At its most extreme, outright electronic civil disobedience could be described as the most militant form of political resistance in DH . Many scholars date theories of electronic civil disobedience in the academy to the early work of Critical Art Ensemble as an artist-activist collective. Electronic Disturbance Theater put many earlier principles of the CAE into digital practice with a series of “virtual sit-ins.” For example, EDT organized digital protests on the virtual real estate of official websites in Mexico, the U.S., and the European Union. No actual damage was done to the infrastructure of the sites or to their security mechanisms; the intent was merely “to disrupt access to the targeted website by flooding the host server with requests.”
Nonetheless, after EDT member Professor Richardo Dominguez held a well-publicized virtual sit-in on March 4, 2010 to protest tuition hikes that used computer servers owned by his employer, University of California, and targeted websites of the UC Office of the President, he found himself under investigation and at risk of losing his recently earned tenure. While faculty and students marched on the state Capitol building, Dominguez had instructed some four hundred EDT supporters to help occupy the domain. Because of the timeline of accusations, some claim that it was actually the development of the controversial “Transborder Immigrant Tool” or TBT that caused Dominguez to face possible disciplinary consequences for expropriating public resources and criminal prosecution for violating existing computer law. After all, Fox News was running stories explaining “hacktivism” to their viewership soon after reporting that Dominguez’s group was helping illegal immigrants by recycling cheap mobile phones and equipping them with new software to guide them in making the risky trip across the border to water caches left by humanitarian groups.

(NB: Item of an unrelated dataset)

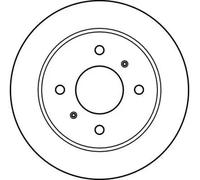 2x Disco de freno macizo DF2592 TRW para NISSAN PRIMERA PRIMERA Hatchback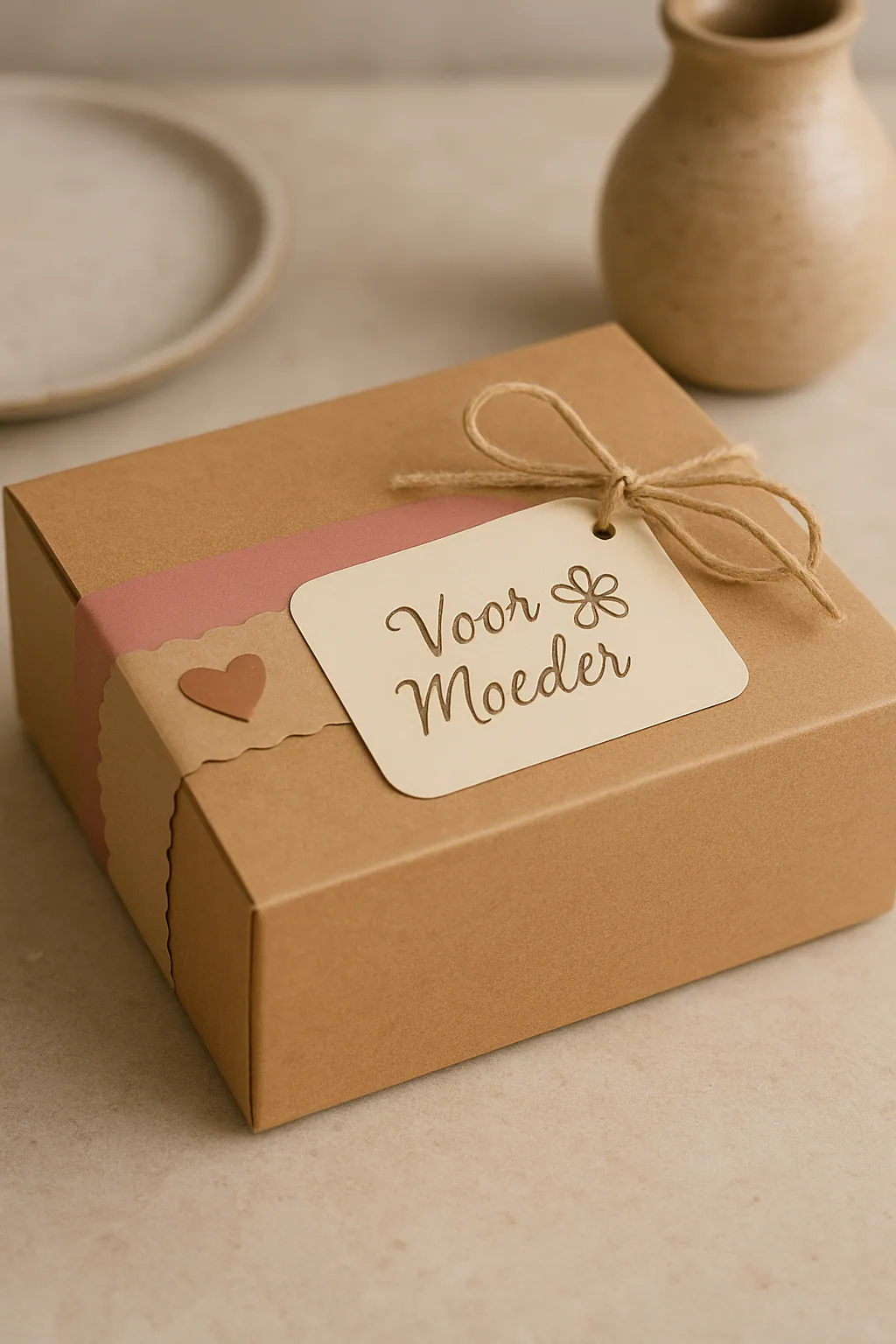 Eindresultaat: Moederdag-bakdoos versieren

The use of computing resources in more conventional digital humanities projects may seem less obviously open to debate, but Dominguez’s case should function as both a cautionary tale and as an aspirational story to those operating in the mainstream of this emerging area. In other words, projects involving text encoding, archiving, or G.I.S. generally use university computer resources as well, and controversies about ownership, access, and control may have consequences for DH projects also. Although the battles over who uses a given server and under what circumstances may seem less contested for a database of Jane Austen novels than a database of covert water caches in the desert, academics involved in all kinds of projects must grapple with the politics of combative IT funding situations.

According to a story in The Chronicle of Higher Education about a new cohort of “digitally incorrect” professors determined to flout convention in defense of hacktivist principles, such misunderstandings may occur more often now that the university must assimilate “the first generation of new-media artists who migrated to academe.” These faculty dissenters use tools of tactical media as imagined most broadly by theorists like Geert Lovink to include not only software, but also other kinds of small-scale media appropriation, such as “pirated radio waves, video art, animations, hoaxes, wi-fi networks, musical jam sessions, Xerox cultures, performances, grassroots robotics, cinema screenings, street graffiti” (Lovink 189).

At the 2011 annual convention of the MLA, noted humanities scholar Alan Liu made a plea for more political engagement within the digital humanities and specifically for taking hacktivism and tactical media activism more seriously: “In the digital humanities, cultural criticism–in both its interpretive and advocacy modes–has been noticeably absent by comparison with the mainstream humanities or, even more strikingly, with “new media studies” (populated as the latter is by net critics, tactical media critics, hacktivists, and so on).” Liu argues that these predictable catalogues of digital humanities products (“tools,” “data,” “metadata,” and “archives”), modes of institutional membership (“associations,” “conferences,” “journals,” and “projects”), and stock issues (“the digital divide,” “privacy,” and “copyright”) add up to little critical thinking about neoliberalism at best and collaboration with for-profit educational outsourcing at worst.

Davidson and Liu are certainly closer to the center of the digital humanities as it is currently defined, and Shereen Sakr and Dominguez are probably located farther away on its peripheries, but they all argue for the formation of new modes of institutional critique, particularly – in Liu’s case – as impersonal and dehumanized distance learning threatens to transform public education for the worse. Yet the history of the digital humanities told by Tara McPherson describes founding fathers who turned to humanities computing not because they were in love with the aquarianism of Ted Nelson, but because were in full retreat from race, gender, and class in the post-free-speech academy. Nonetheless, the history of new media more generally is now filled with stories of gender and race, since even supposedly neutral algorithms and computer chips were shaped by material culture and the labor practices of female programmers and Native American workers, as N. Katherine Hayles and Lisa Nakamura have explained.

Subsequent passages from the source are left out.